Essa prática não pode estar no meio das maiores civilizações e povos já encontrados por coincidência. Me pergunto quase sempre: qual foi o momento em que deram conta da descoberta da ayahuasca? Com que princípio se imaginou juntar uma raiz e uma folha específicas que sairia como resultado uma das mais potentes ferramentas para conhecer a si mesmo? E se conectar novamente com a mãe terra?  Reativar todas as coisas das quais fomos distanciados pelas civilização e tecnologia?

Claro e, com toda razão, vão me dizer que a ayahuasca tem uso religioso e não recreativo como as outras substâncias.

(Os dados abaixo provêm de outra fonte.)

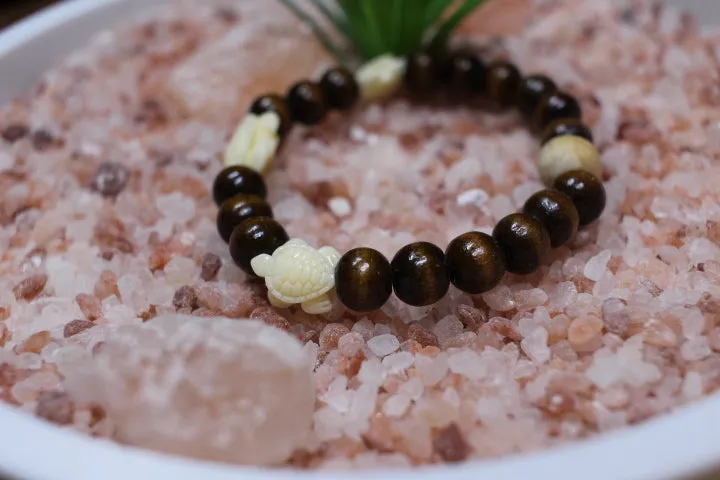 Ivory Turtle Elastic Wood Bead Bracelet by Theiss Tye Dye Studio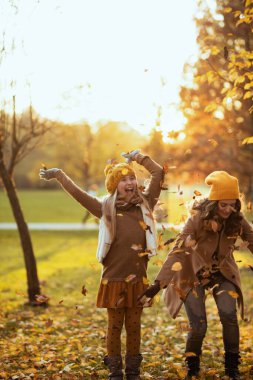 Merhaba Kasım ayı. Sarı şapkalı gülümseyen anne ve çocuk sonbaharda şehir parkında sonbahar yapraklarını kusar..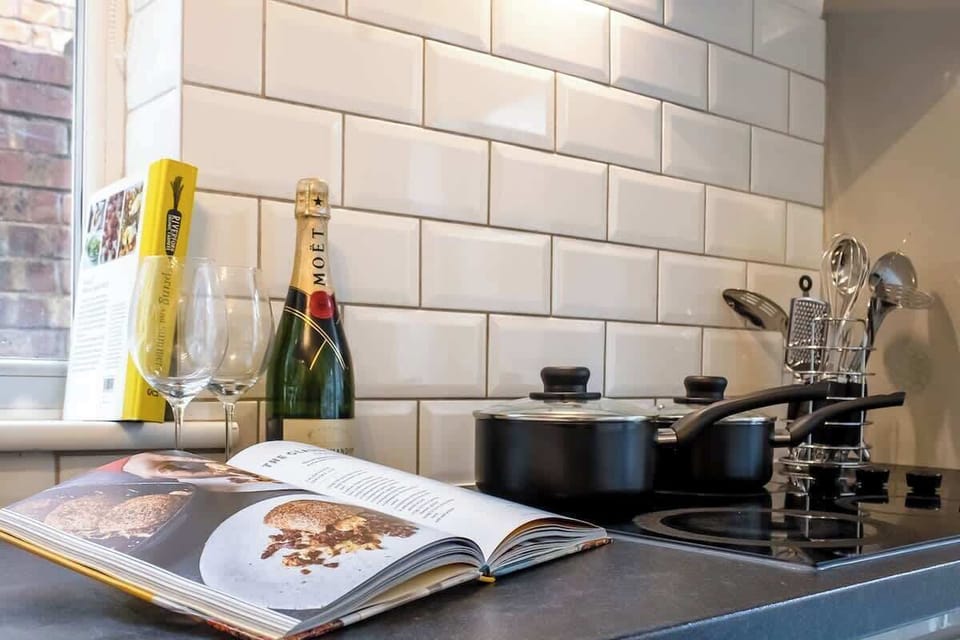 “Full kitchen with a simple dining area — everything you need for home-cooked meals and shared dining moments.”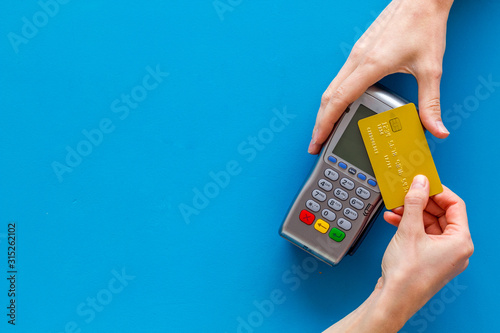 Contactless payment, paypass. Hand hold bank card near terminal on blue background top-down copy space photo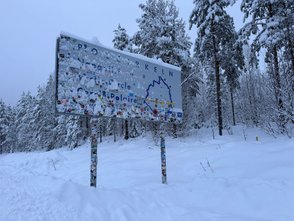 Das Schild am Polarkreis ist verschneit.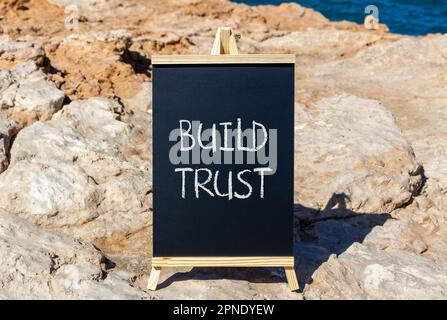 Build trust symbol. Concept words Build trust on black chalk blackboard on a beautiful stone background. Business and build trust concept, copy space. Stock Photo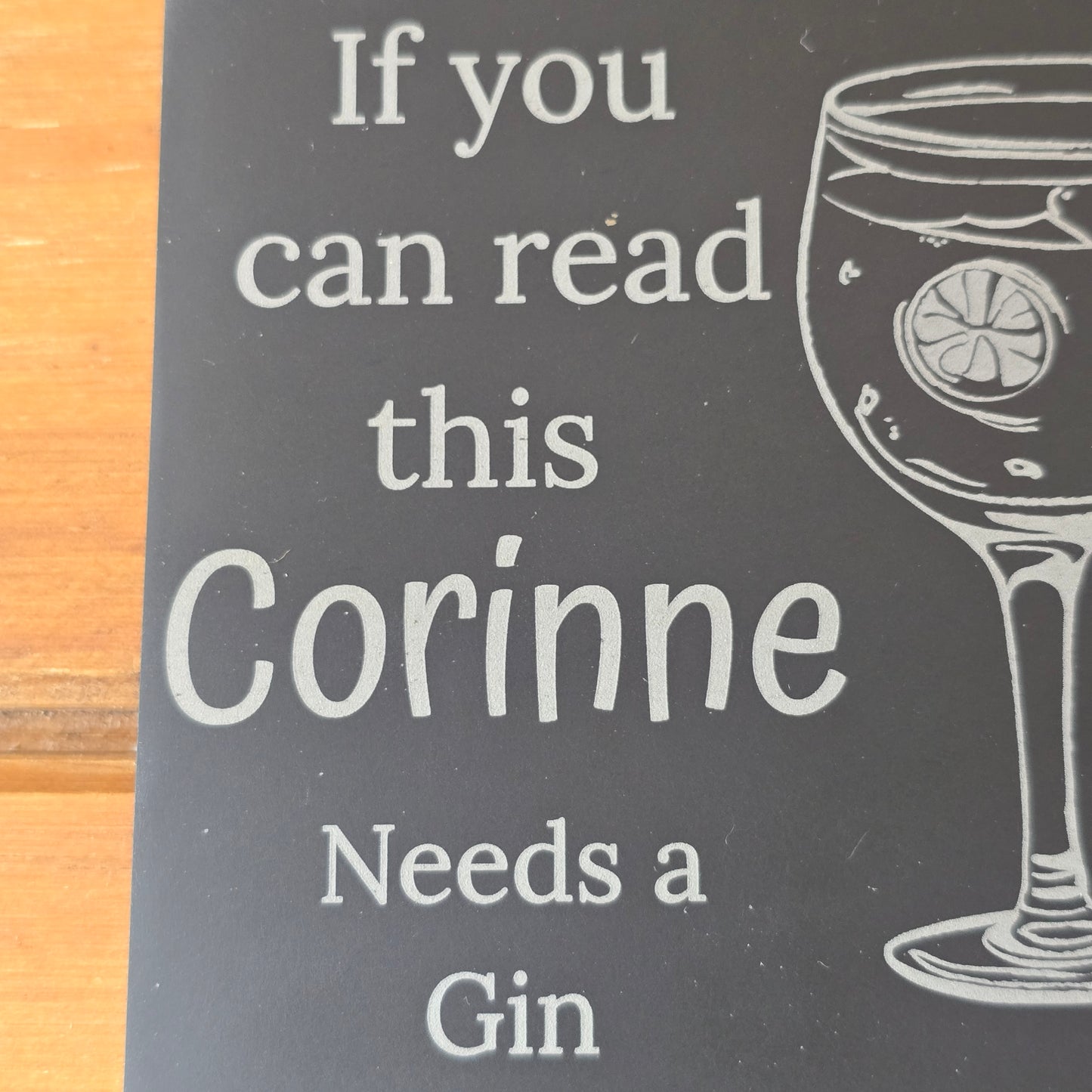 Engraved wooden sign with text 'If you can read this Corinne Needs a Gin' on a dark background.
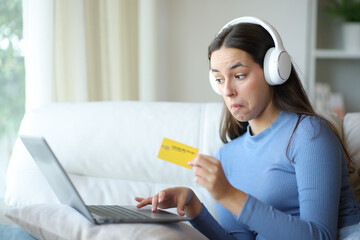 Perplexed woman buying media online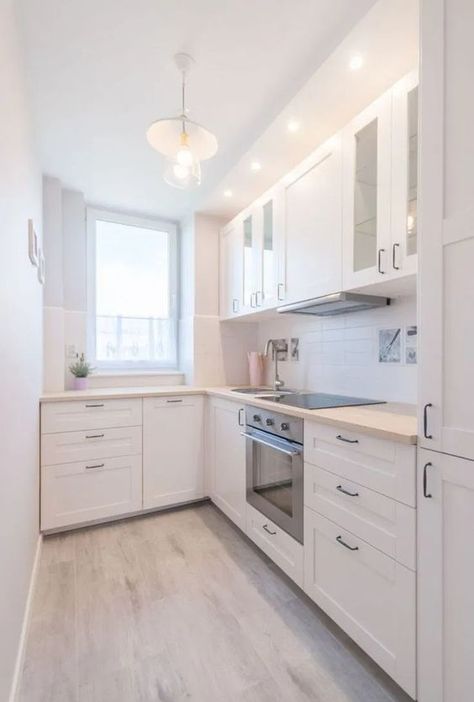 a modern white L shaped kitchen with a white tile backsplash and light stained butcherblock countertops L Shaped Kitchen Layout, Small L Shaped Kitchens, Galley Kitchen Remodel Ideas, L Shaped Kitchen Designs, Small White Kitchens, Small Galley Kitchen, Layout Kitchen, Tiny Kitchen Design, Small Modern Kitchens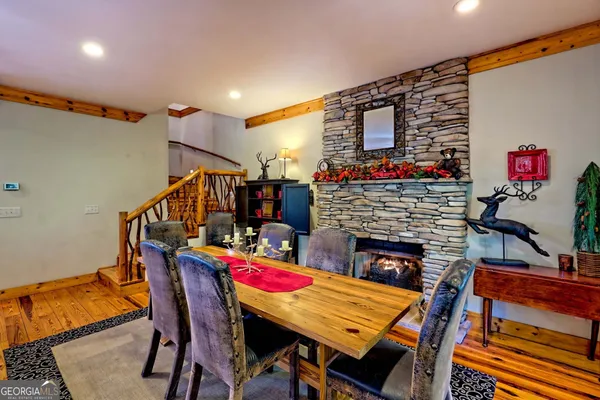 a kitchen with stainless steel appliances granite countertop a table chairs and a refrigerator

A ayahuasca sim, é utilizada em um contexto ritualístico e com acompanhamento, mas o que impede as demais substâncias de serem utilizadas em ambientes induzidos e com intuito de se estabelecer um propósito para a trip é o preconceito e a demonização que tais substâncias sofrem.

Albert Hofmann, o cientista suíço sintetizador do LSD, em diversas entrevistas deixa claro que seu intuito ao criar o LSD não era o que acabou por se tornar. Sua vontade sempre foi a de auxiliar em estudos e testes que definitivamente trouxessem melhoria à vida humana.

Essa parte do debate é inegável. As melhorias e avanços que a descriminalização poderia oferecer são gritantes, mas, no entanto, a parcela da população que é apresentada a discussões sobre as melhorias é mínima, pois o debate começou há pouco a ser inserido em espaços onde se faz necessário, onde a população é oprimida e morta todos os dias. A informação querendo ou não está presa em uma bolha limitada e limitante. Se faz necessário que as pessoas com acesso ao conhecimento científico, possam usar desse lugar de privilégio para buscar uma mudança de paradigmas, levando esses debates para fora da bolha, buscando alcançar pessoas reais.

Foi nesse momento que me dei conta de como estamos fechados e cegos pela rotina e pela linguagem do meio em que estamos. A partir do momento em que fui questionada sobre o uso de drogas, fiquei confusa e sem palavras, porque não sabia falar para aquela pessoa na linguagem dela e não na minha, usar argumentos e fatos que fossem realmente penetrar na realidade dela e fazê-la visualizar dentro da sua própria realidade o quanto a proibição é manipulada e corrupta. E que não é para o bem de todos, mas sim, para o uso e benefício "deles", mais uma vez.

Esse pensamento não se trata somente de drogas ou proibição, mas sim de todo o nosso redor, até quando vamos continuar nos fechando para transmitir o mínimo que seja de conhecimento para as pessoas mais velhas, nossos pais e amigos, vizinhos, o tiozinho do ônibus, por não sabermos lidar com o mundo fora da matrix?

Saber é importante, mas transmitir também é.